- _Goal of the exercise_
Within the listing that follows, reproduce exactly the lines starting at the line with "Hello YouTube and" and ending at the line with "Alright, so here's", inclusive, and only those. Pictures are dropped.

- _Supplied information_
┄┄┄┄┄┄

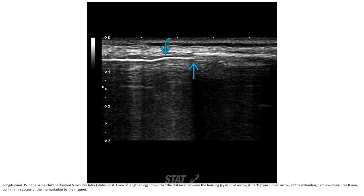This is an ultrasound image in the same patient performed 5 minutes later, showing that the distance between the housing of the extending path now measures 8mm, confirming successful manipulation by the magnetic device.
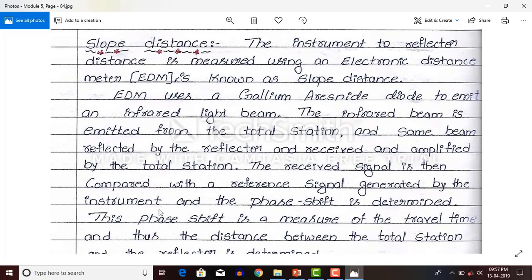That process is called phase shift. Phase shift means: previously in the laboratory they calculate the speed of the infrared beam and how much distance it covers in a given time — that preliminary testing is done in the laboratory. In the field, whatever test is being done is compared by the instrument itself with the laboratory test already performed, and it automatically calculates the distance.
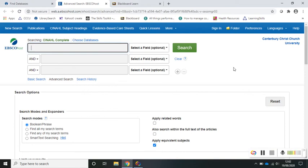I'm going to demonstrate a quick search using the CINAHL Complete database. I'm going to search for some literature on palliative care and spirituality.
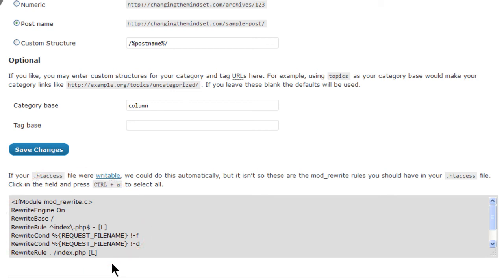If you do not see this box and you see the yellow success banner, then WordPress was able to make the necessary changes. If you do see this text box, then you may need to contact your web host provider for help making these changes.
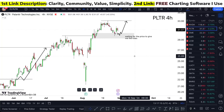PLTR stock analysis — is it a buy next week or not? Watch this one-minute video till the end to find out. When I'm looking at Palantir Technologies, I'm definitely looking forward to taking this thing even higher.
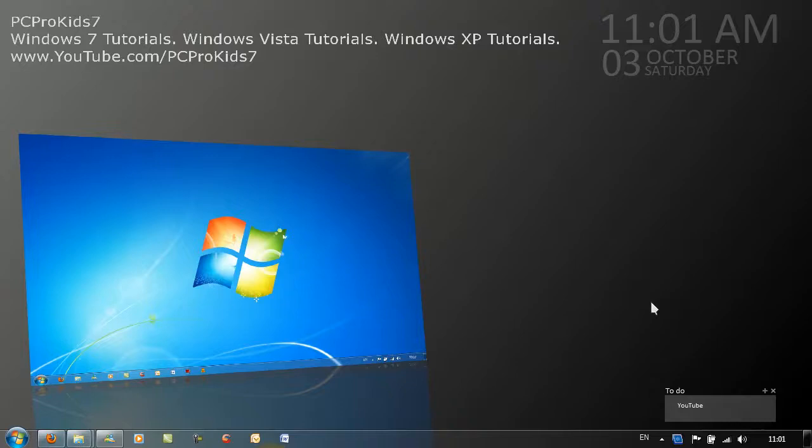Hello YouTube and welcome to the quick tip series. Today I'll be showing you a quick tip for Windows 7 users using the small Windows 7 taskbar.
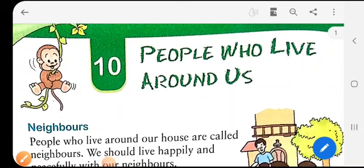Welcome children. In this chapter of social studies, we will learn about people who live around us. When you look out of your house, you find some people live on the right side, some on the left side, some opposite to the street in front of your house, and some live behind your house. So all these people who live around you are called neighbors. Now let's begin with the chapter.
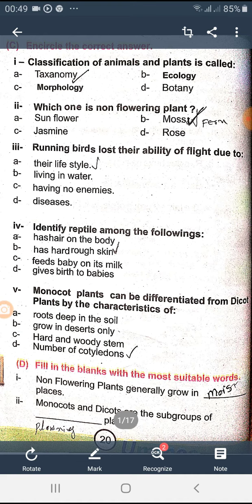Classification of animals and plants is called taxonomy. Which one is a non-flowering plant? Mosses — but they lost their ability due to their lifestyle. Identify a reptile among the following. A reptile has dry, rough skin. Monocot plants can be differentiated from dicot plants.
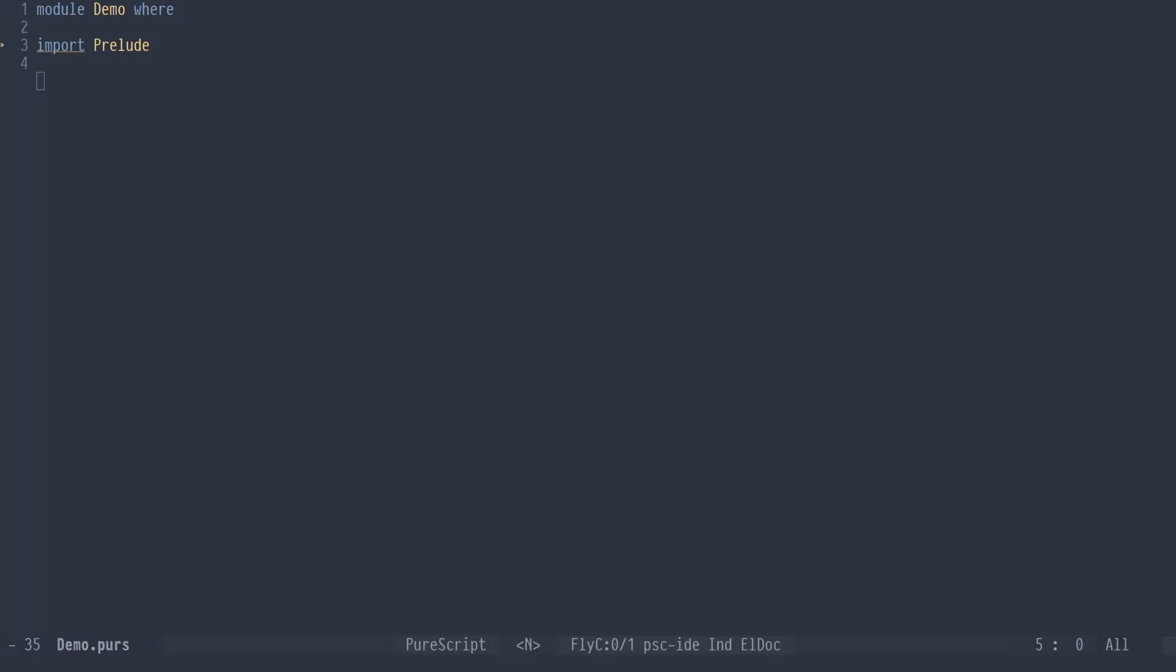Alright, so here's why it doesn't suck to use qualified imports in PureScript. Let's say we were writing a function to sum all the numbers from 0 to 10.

┄┄┄┄┄┄

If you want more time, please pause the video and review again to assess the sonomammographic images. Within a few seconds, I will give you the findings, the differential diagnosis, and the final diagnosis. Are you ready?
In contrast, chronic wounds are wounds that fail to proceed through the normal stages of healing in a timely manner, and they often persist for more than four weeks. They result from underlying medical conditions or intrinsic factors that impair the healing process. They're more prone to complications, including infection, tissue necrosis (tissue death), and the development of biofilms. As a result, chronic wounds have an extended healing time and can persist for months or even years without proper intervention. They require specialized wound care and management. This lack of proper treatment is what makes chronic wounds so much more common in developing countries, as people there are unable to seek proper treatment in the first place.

┄┄┄┄┄┄

- _Solution to this task_
Hello YouTube and welcome to the quick tip series. Today I'll be showing you a quick tip for Windows 7 users using the small Windows 7 taskbar.
Welcome children. In this chapter of social studies, we will learn about people who live around us. When you look out of your house, you find some people live on the right side, some on the left side, some opposite to the street in front of your house, and some live behind your house. So all these people who live around you are called neighbors. Now let's begin with the chapter.
Classification of animals and plants is called taxonomy. Which one is a non-flowering plant? Mosses — but they lost their ability due to their lifestyle. Identify a reptile among the following. A reptile has dry, rough skin. Monocot plants can be differentiated from dicot plants.
Alright, so here's why it doesn't suck to use qualified imports in PureScript. Let's say we were writing a function to sum all the numbers from 0 to 10.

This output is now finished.